David Gómez Agüera - email@example.com
On 14 August 2019, at the Royal Spanish Golf Federation National Golf Centre, a pioneering project was set in motion which you are sure to hear a lot about in the near future.
To be more specific, the project involves the design and construction of a 95 kWp solar photovoltaic power installation for self-consumption, whose aim is to reduce the centre’s electricity costs via the generation of a significant part of the electricity needs through its own resources.
This electric power generation is exclusively achieved through the use of renewable energy sources, in this case, by transforming solar radiation into electricity via the photovoltaic effect. This energy source is 100% renewable and its use involves no burning of fossil fuels or production of emissions, does not contribute to the greenhouse effect or have any other harmful effect. Moreover, 100% of the plant is installed on the roofs of pre-existing buildings and facilities, so it is not necessary to take up new space, but rather the installation will be situated in places otherwise not exploited or of no real useful value.
This project was developed by the R&A Sustainability Fund together with the Royal Spanish Golf Federation in their commitment to make golf more sustainable. The R&A will be analysing the impact of the project, with the goal of promoting it as an example of sustainable environmental and economic practice to other golf courses around the world.
Image: Installation of photovoltaic solar panels on the roof of the practice range of the Royal Spanish Golf Federation National Golf Centre. The panels are arranged on a sloping structure with counterweights in such a way that is not necessary to drill holes in the roof of the building and the generation of energy is maximised by having the solar panels set out on a virtually horizontal roof.

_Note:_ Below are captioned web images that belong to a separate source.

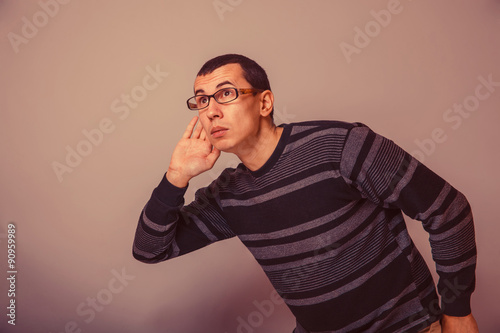 European-looking man of 30 years with glasses, overhears retro photo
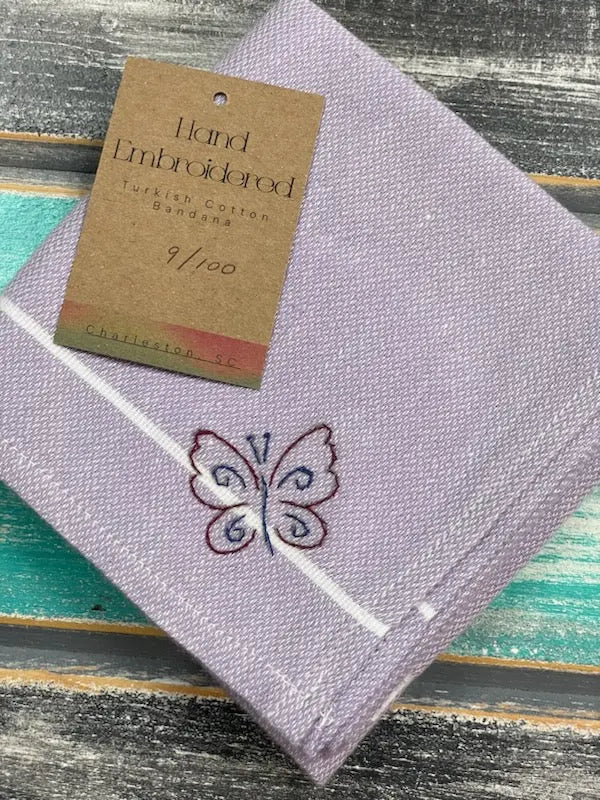 Purple embroidered bandana with a butterfly design on a wooden surface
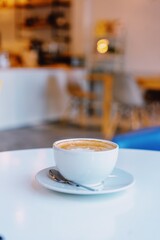 Beautiful latte art cup inside the modern cafe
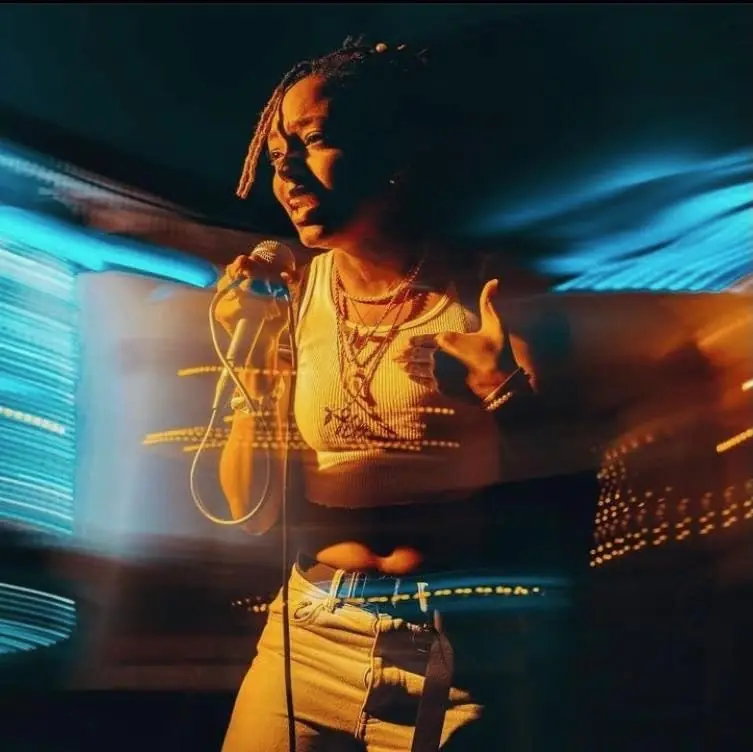 JustBee performing in blue and gold motion blur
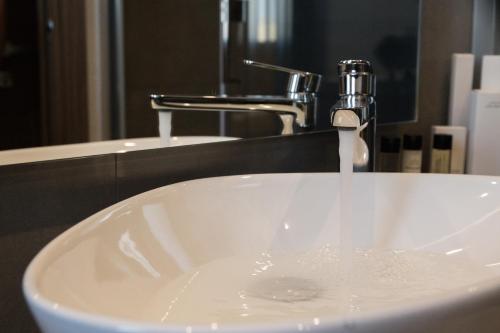 a white sink with a faucet in a bathroom at Giafra Luxury Rooms in Agrigento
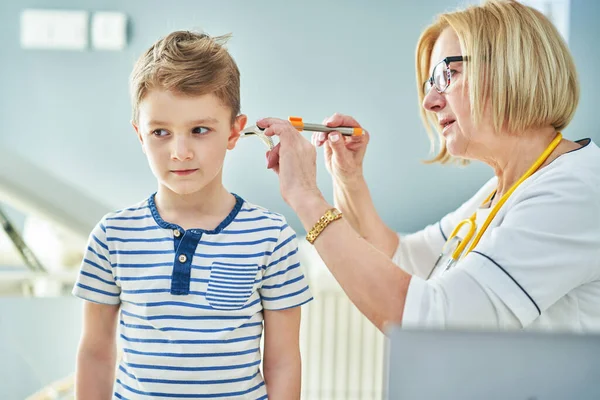 Kinderarts arts onderzoeken van kleine kinderen in kliniek oren controleren — Stockfoto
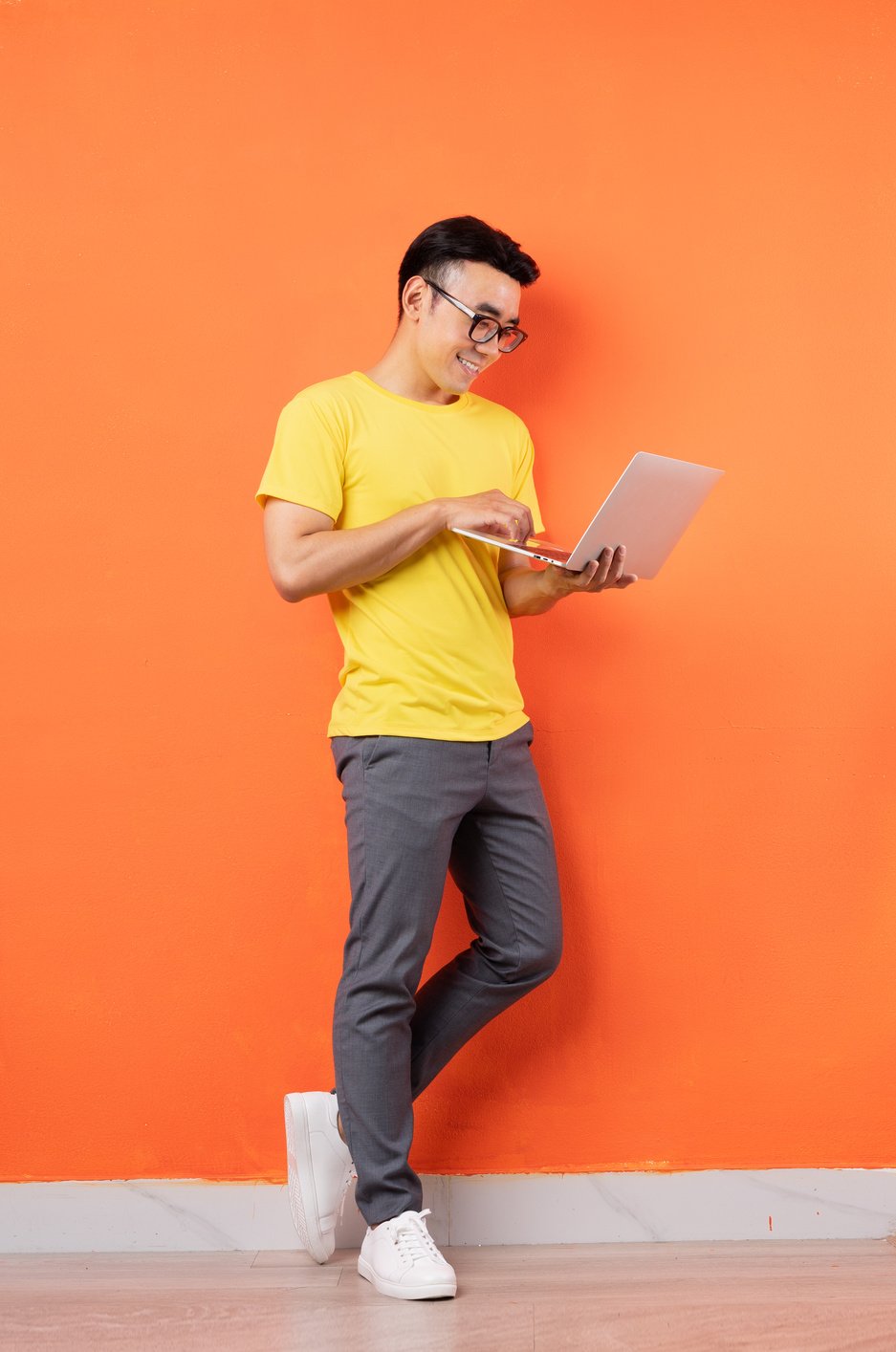 Full Body Photo of Asian Man in Yellow Shirt on Orange Background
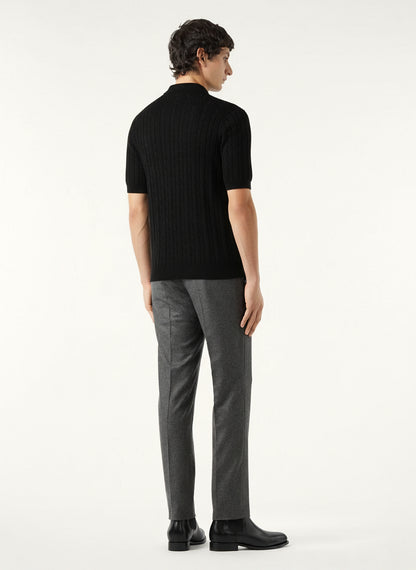 Man wearing a black sweater and gray pants on a white background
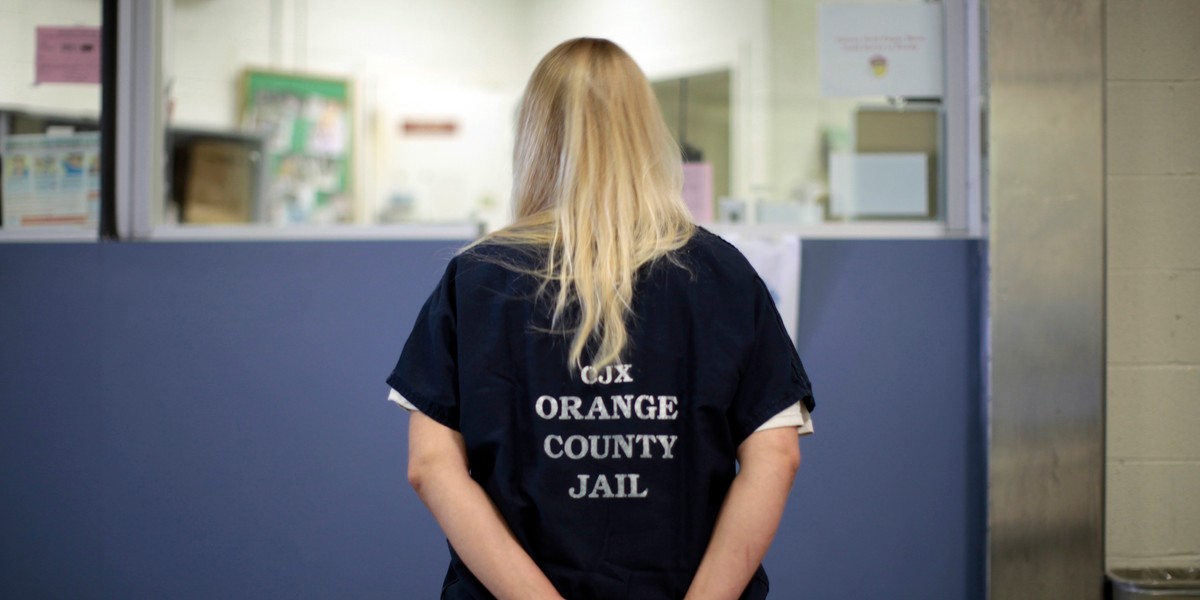 An inmate is checked into the Orange County jail in Santa Ana, California, May 24, 2011.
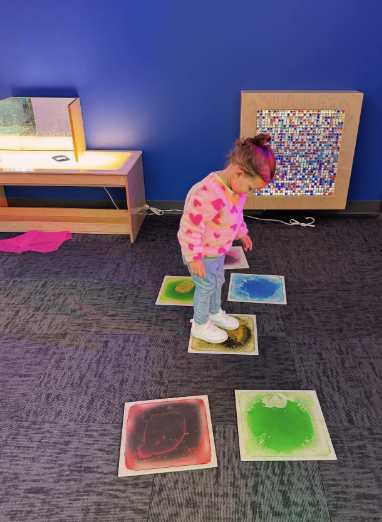 Child enjoying a sensory learning activity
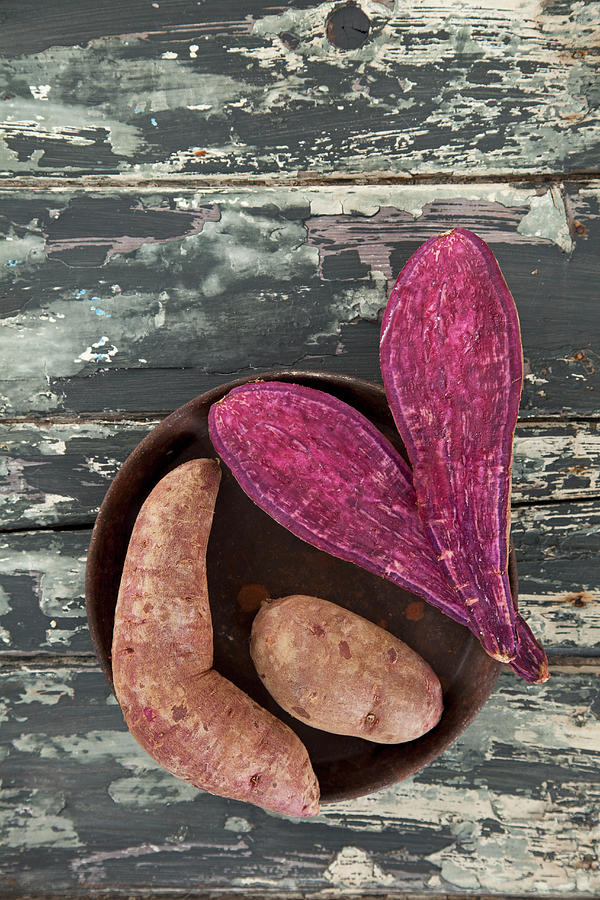Purple Sweet Potatoes, Whole And Halved Photograph by Ulrike Kirmse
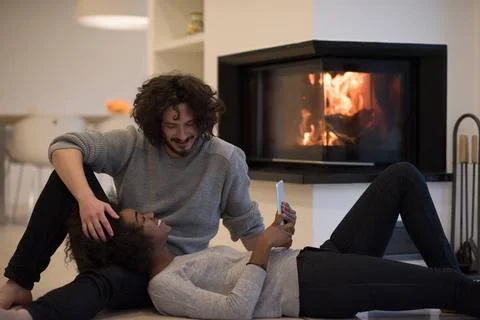 Multiethnic couple using tablet computer on the floor beautiful young mult... Stock Photos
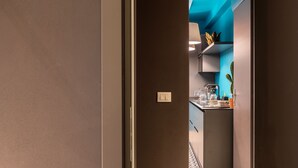 A narrow hallway leading to a kitchen with a blue accent wall and modern appliances. - Apartment (Siracusa)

During the period of exploitation, the solar photovoltaic power installation will generate electricity continuously depending on the amount of incident light radiation from the sun over the course of the day, which will vary depending on the time and the weather conditions at any given moment. The electrical power generated will not be stored, but rather fed directly into the internal electrical grid for subsequent distribution to the centres of consumption which are run off this energy (mainly the pumps of the sprinkler systems and the clubhouse’s own services, the practice range and the high performance centre.
Image: record of generation vs. demand for the internal consumption of solar photovoltaic power on 29/09/2019 at the plant at the Centro de la Real Federación Española de Golf. In light green the curve for the demand and in dark green the solar generation. The ratio of internal consumption achieved on this day is 23.8%, that is, a quarter of the energy that the golf course required.
The adjustment of the size of the installation has been made to avoid the production of surplus energy (energy generated which is surplus to the demand at a particular moment) thereby optimising its investment/return ratio.
Another of the big advantages of this kind of project is that their operation and exploitation do not require the intervention of centre staff in any way, since these plants are fully monitored and controlled remotely and in addition have a central alarm system of their own which allow continuous and accurate monitoring of the operating status of all the installed equipment.
The plant is predicted to generate 154,423 kWh of electricity per year, the equivalent of the annual consumption of 20 homes. This power will be virtually totally used for the reduction of the demand for electricity by the centre from the conventional grid, representing a saving in electricity costs of a minimum of 21.4%. Furthermore, the generation of this energy using renewable sources will allow greenhouse gas emissions to be reduced by 57.68 tonnes of CO2 per year that the plant is in operation (the working life of these plants can be over 30 years), which is the equivalent of the benefits of a small forest consisting of 114 fully-grown trees.
Barely a month and a half after it started operating, this plant has already generated practically 13% of its annual target and, in practice, a reduction of 22% in the demand for electricity from the conventional grid.
The aim of this project, when all is said and done, is to serve as an example for the rest of the golf courses in Spain to show them that investing in reducing their environmental impact not only reduces energy consumption, but also improves their bottom line.
The installation has been designed and carried out by the ARESOL group, one of the longest standing business groups in the renewable energy sector in Spain with over 38 years’ experience, as well as a long list of plants installed and currently producing power. The ARESOL Group takes care of the design and the adaptation of the size of the installation, its construction and commissioning, all the paperwork involved in legalising it and its ongoing care and maintenance.